A ship carries out a search and rescue operation after a boat sank in the Bosphorus strait, near Istanbul November 3, 2014. Fisherman and coastguards pulled bodies from the sea at the mouth of Istanbul’s Bosphorus strait on Monday after the boat believed to be carrying dozens of illegal migrants sank, Turkish authorities and a shipping agent said.

At least 24 refugees died in chilly, choppy waters off the Turkish coast after the smuggling vessel transporting them sank at the confluence of the Bosphorus strait and the Black Sea, Turkish media reports said.

Rescue teams said that the overloaded boat was transporting about 40 migrants, thought to be mainly from Syria and Afghanistan. Seven were rescued, the semi-official Anatolia news agency reported.

Turkey’s Coast Guard, aided by local fishermen, scoured the waters while helicopters flew overhead. Bad weather hampered the rescue effort.

“We are seeing bodies of children floating in the sea,” the Hurriyet Daily News quoted rescuer Ali Saruhan as saying. “The wind is making our task very difficult.”

The boat is believed to have departed from the Istanbul area early Monday, heading north through the Bosphorus toward the Black Sea. The strait is one of the world’s busiest waterways, and the Black Sea is a notoriously treacherous body of water, reaching depths of more than a mile just offshore.

Straddling Europe and Asia, Turkey has long been both a destination and a transit point for human trafficking.
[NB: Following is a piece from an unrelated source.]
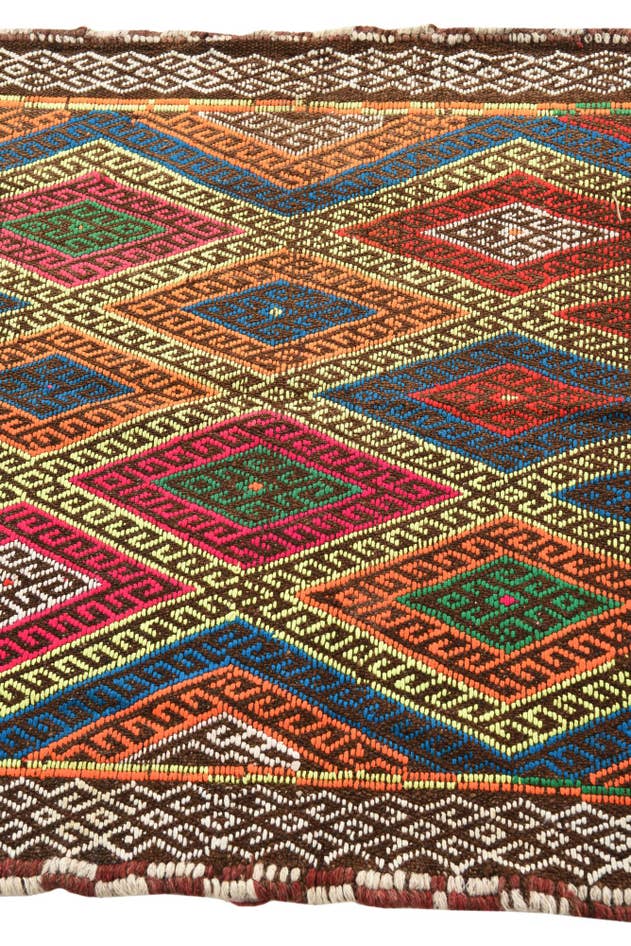Detail image of 2' 7 x 8' 8 Hand Woven Kilim Fars Wool Runner Rug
Since Syria’s civil war began nearly four years ago, Turkey has absorbed 1.6 million Syrian refugees, according to official figures. The actual number is likely much higher.

Desperate to reach Europe, migrants normally cross under cover of dark into Bulgaria, or sail from Turkey’s Aegean coast for Greece. Smugglers routinely overload the vessels, and many sink.

Eighty-one Syrian and Afhgan refugees were rescued off Istanbul two months ago, local media reported.